Docket Nos. 2012-1042
PROST, NEWMAN, O’MALLEY
December 28, 2015
Brief Summary: DC decision of infringement reversed because one of the claimed steps is not performed by either Cisco or its customers.
Summary: A 2013 FC decision reversed the DC finding that Cisco was liable for direct and induced infringement of Commil’s patent relating to short-range wireless networks because the DC refused to admit Cisco’s evidence a good-faith belief the patent was invalid. The 2013 decision did not reach the issue of infringement. Commil appealed the FC decision to SCOTUS which held that “[t]he scienter element for induced infringement concerns infringement” which “is a different issue than validity” (“this new defense” would be contrary to the presumption of patent validity and “a defendant could prevail if he proved he reasonably believed the patent was invalid”, thereby “circumvent[ing]…the clear and convincing standard” (135 S.Ct. 1920 (2015)), and remanded the case to the FC. In this opinion, the FC considers the infringement issues not considered previously.
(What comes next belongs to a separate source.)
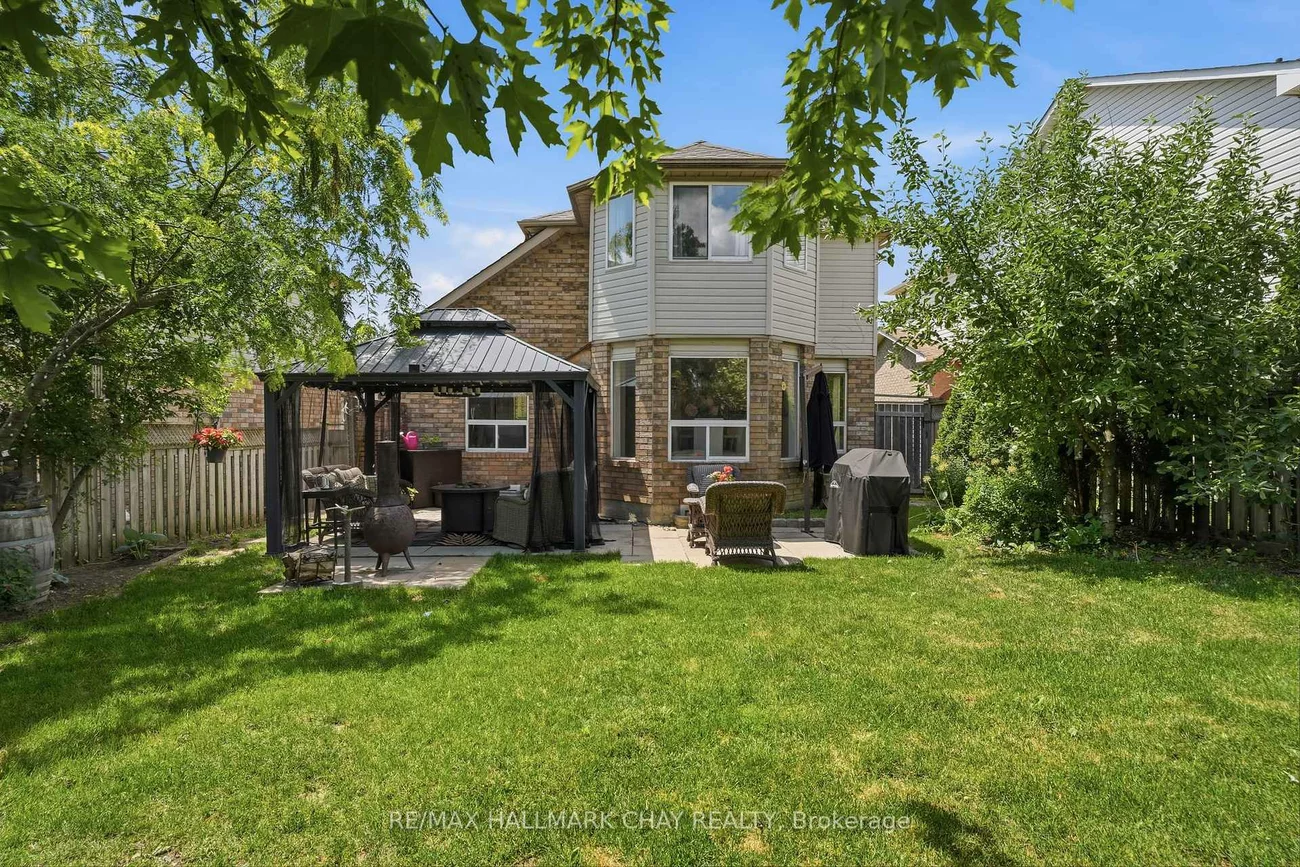 228, Wessenger, North Shore, Barrie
Cisco argued “Commil cannot prevail because neither Cisco nor its customers directly infringe by performing both method steps.” Sole independent claim 1 includes a “dividing” step and a “running” step. After considering the jury findings and expert testimony, the FC panel concluded that the running step is not performed by either Cisco or its customers (“this conclusion precludes liability under either of Commil’s direct or inducement theories”). Thus, the DC decision was reversed.